Kisah Lengkap Rangda Jirah Dan Penyucian Calon Arang Oleh Mpu Baradah


Konon tersebutlah sebuah kerajaan yang sangat besar, Daha namanya. Rajanya bernama Raja Airlangga, seorang raja yang sangat adil. Pada suatu pagi saat kabut masih tebal, raja setengah tua itu keluar dari istana. Rambutnya mulai memutih dan jenggotnya panjang. Meskipun sudah kelihatan tua, ia masih kelihatan perkasa.

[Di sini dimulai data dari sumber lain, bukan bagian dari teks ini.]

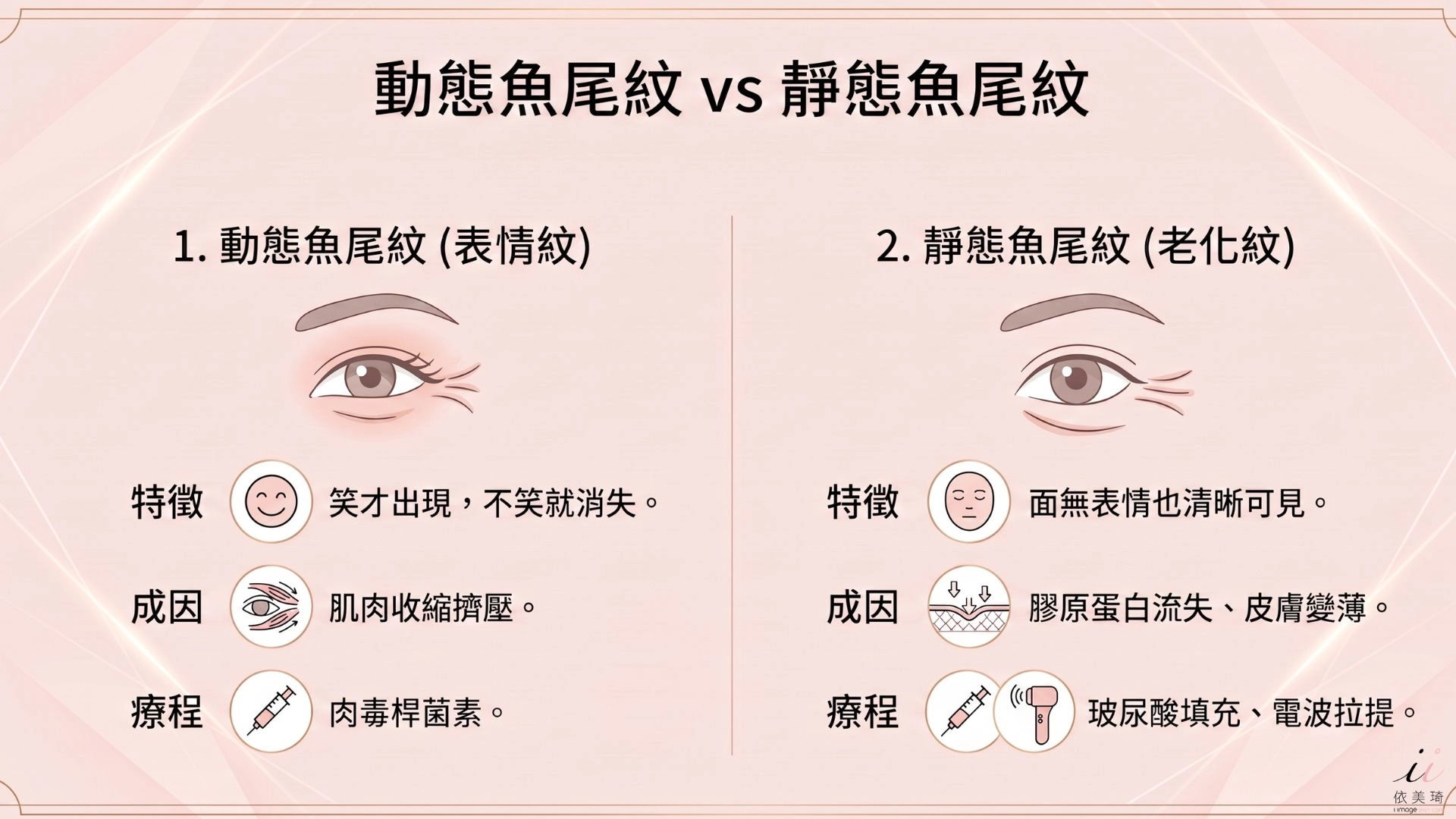 魚尾紋 vs 笑尾紋差在哪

Raja Airlangga terkenal sebagai raja yang bijaksana dan adil, tidak hanya di negerinya, Daha. Daerah kekuasaannya sangat luas dan semuanya dapat diawasi dengan baik. Para patih setiap minggu pergi ke desa mengiriringinya meninjau desa. Ada kerja sama yang baik antara rakyat, para patih, dan pihak kerajaan, terutama Raja Airlangga.

Rakyat Daha adalah penganut agama Hindu yang kuat. Mereka selalu meng dakan berbagai upacara keagamaan. Di amping itu, setiap hari mereka juga rajin pergi ke pura menghadap Sang Hyang Widi Wasa. Mereka percaya bahwa ketentraman dan kedamaian yang mereka rasakan selama ini adalah rahmat dan berkah dari Sang Hyang Danendra, Dewa Kekayaan.

Perbedaan antar kasta, baik kasta Sudra, Waisya, Satria, maupun kasta Brahmana, bukan penghalang bagi rakyat Daha untuk saling menghormati. Mereka tahu menempatkan diri. Masing-masing berada dalam lapisan masyarakat mereka. Semua berjalan seperti adanya, sesuai dengan aturan, tanpa pernah ada perselisihan dan pertengkaran.
Saat matahari sudah menampakkan wajahnya dan cuaca sangat cerah, Kedua putra mahkota, Jayabaya dan Jayasaba sudah siap di halaman istana dengan kuda masing-masing. Kedua putra raja itu seperti pinang dibelah dua, gagah dan perkasa bagai sang surya.
Raja Airlangga dengan mahkota di kepala dan berkain bercorak perada, warna emas, Raja duduk gagah di atas kuda. Para hulubalang, Ken Demung, Ken Tumenggung, dan Ken Patih, sudah siap mengiringi perjalanan resmi ini. Para hulubalang istana sudah berbaris mengiringi perjalanan Raja Airlangga. Ketika gerbang istana dibuka, suara genderang, gamelan, dan gong bersahutan merestui keberangkatan Sang Ratu.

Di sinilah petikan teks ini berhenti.